- Assignment: Could the data below please be reproduced word for word, without the pictures?

[Opening Data block section]

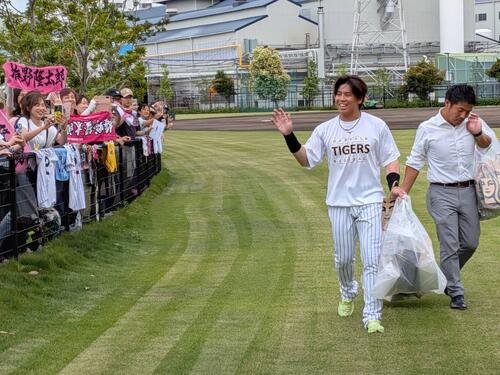 35歳の誕生日に大勢のファンからプレゼントをもらった阪神梅野隆太郎は歓声に応える(撮影･柏原誠)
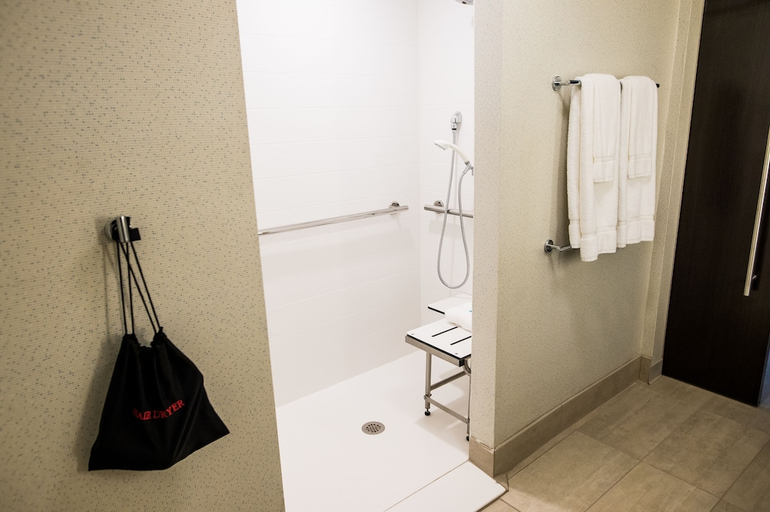 Bathroom 5, Holiday Inn Express & Suites MARIETTA, Washington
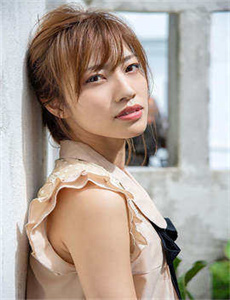 美女扒开尿口直播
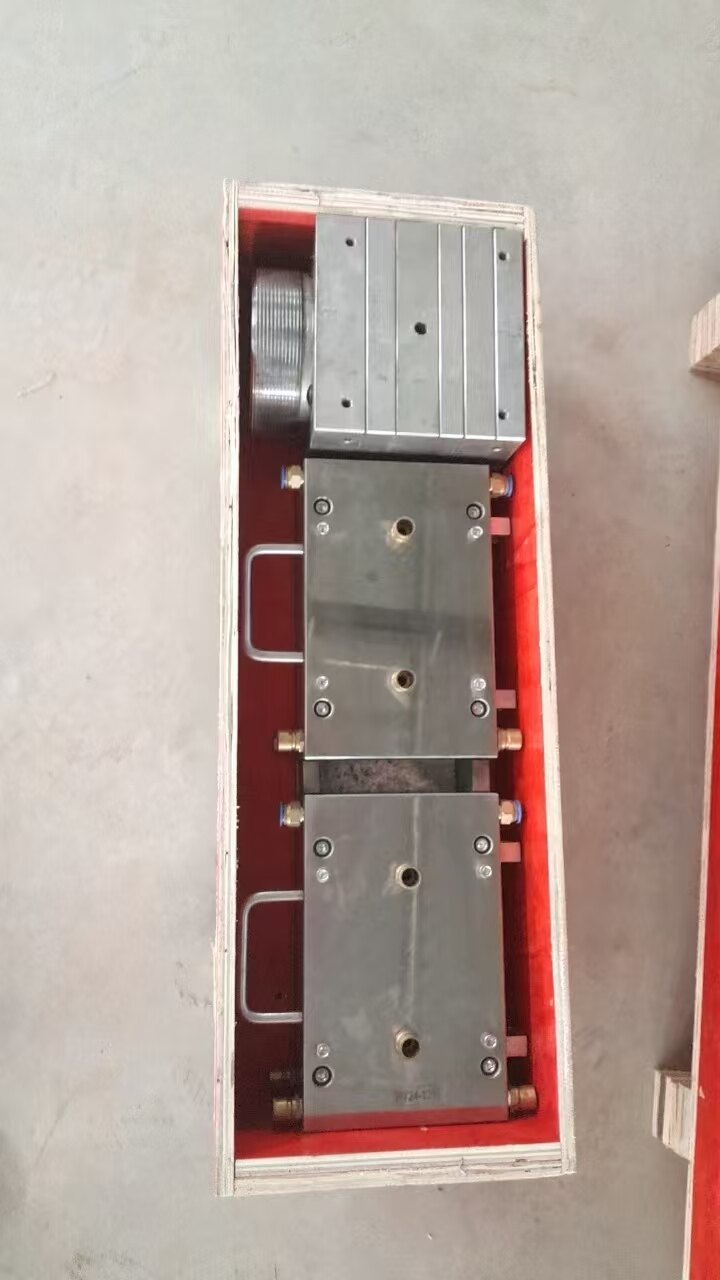 Example of Calibration unit for the production of PVC window profiles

[Closing Data block section]

- Solution to this exercise:
 35歳の誕生日に大勢のファンからプレゼントをもらった阪神梅野隆太郎は歓声に応える(撮影･柏原誠)
 Bathroom 5, Holiday Inn Express & Suites MARIETTA, Washington
 美女扒开尿口直播
 Example of Calibration unit for the production of PVC window profiles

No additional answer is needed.